Home Inspection Tip 2 – Checking the Interior of A Home

You should know the basics of screening out the wrong houses. Some inspectors are not as meticulous as you would like them to be. So here are some pointers in checking the structure of the interior of a house that you want to purchase so you will get the best deal at house closing:

– Having entrance foyer in a home is desirable as it helps in conserving heat in winter and coolness in summer days. Having a large closet near the doorway is great.

– The kitchen should be located near the dining area, living room and the garage. Also, see to it that there are lots of storage space and area for a dining nook. The counter length should be at least two feet. The exhaust fan should be placed above the stove. The stove, refrigerator, and sink should be near one another so it will be easier for you to move if you will prepare food in the kitchen.

– A bathroom should be on the same floor as the kitchen, and there should be one and a half bathrooms for every two bedrooms. Ideally, a bathroom will be off the main bedroom.

– Flush all toilets to check them, and lift the cover off the tank to inspect whether the workings inside are working properly. Visit the highest bathroom in the house, turn all the faucets, and flush the toilet, to see if the water flows very slowly. Interior baths are better than those that have an outside wall, but they should have exhaust fans. Moreover, do not forget to check the ceilings below bathrooms for water stains.
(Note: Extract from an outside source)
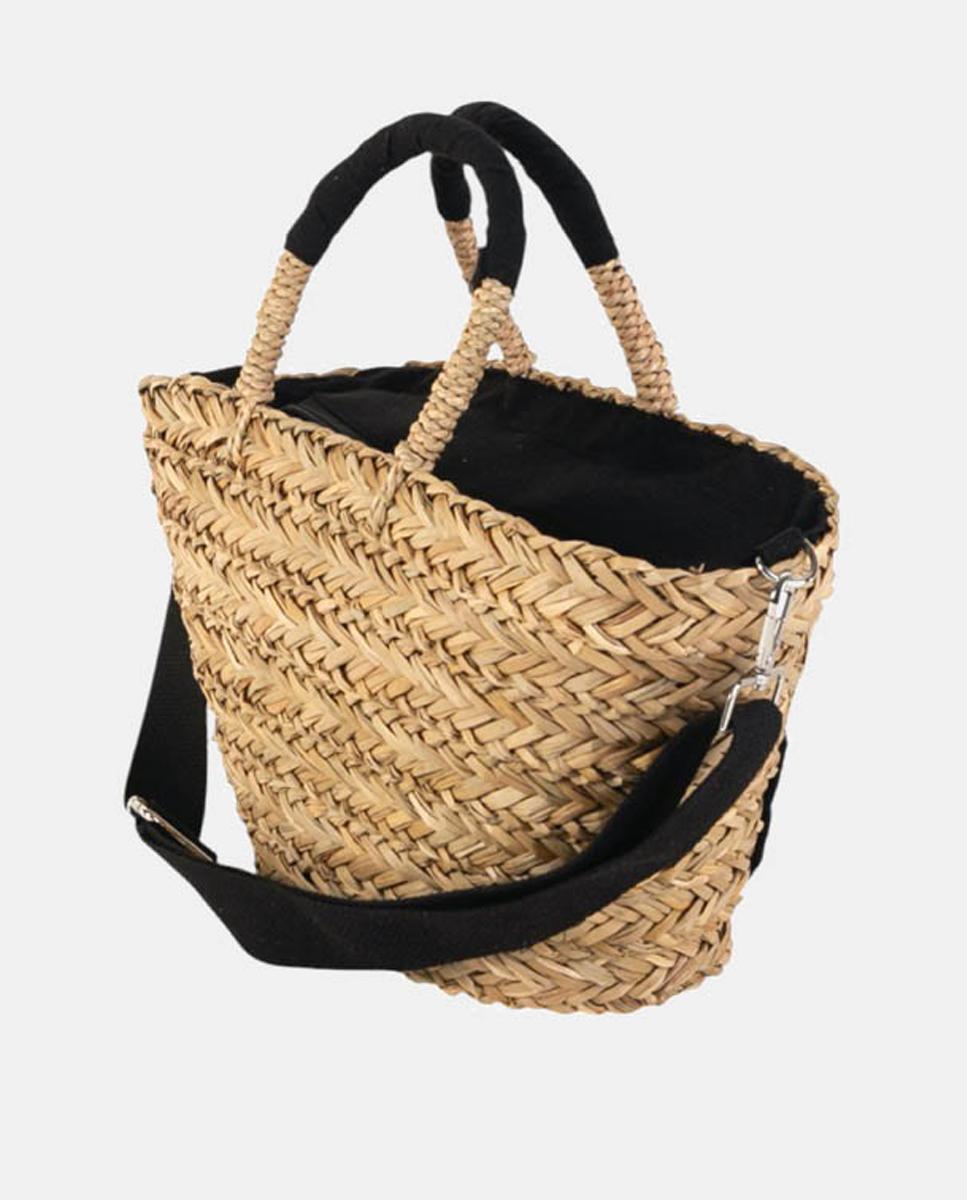 Cesta a Tiracolo de Fibra Natural com Bordado Floral Preto-3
– The fireplace should have an ash box, for ease of cleaning. Fireplace flooring should extend 18 inches in front, then one foot beyond each side of the fireplace. Check whether the damper is in good condition.

– The garage should slant down toward the outside, and it should have a window, along with a door besides the main door. An electrical outlet should also be available.
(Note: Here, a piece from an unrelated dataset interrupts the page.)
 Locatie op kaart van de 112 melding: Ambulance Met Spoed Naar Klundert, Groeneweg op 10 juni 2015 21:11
– Check the walls of the basement for cracks. Any crack one-third of an inch wide is not a good indication that the house is structurally well-built. A horizontal crack is worse than a vertical crack; it may signify that the wall is buckling.

– Look at the nails in the floorboards of the basement to see if they are rusty that can be a possible sign of flooding. And see whether the floor tiles have white stains at the joints, another sign of water damage. Freshly painted baseboard or basement walls could be a sign that the seller is trying to hide a water problem. Poke wood with a screwdriver; if it is soft, there may be termite damage.

– You should not have to walk through one bedroom to get to another. Any bedroom should have windows on two different walls for cross ventilation. Closets should have four feet of rod space per family member.

– In the attic, look for watermarks on the ceiling. A window or louvers should give ventilation. Six inches of insulation are desirable in the attic.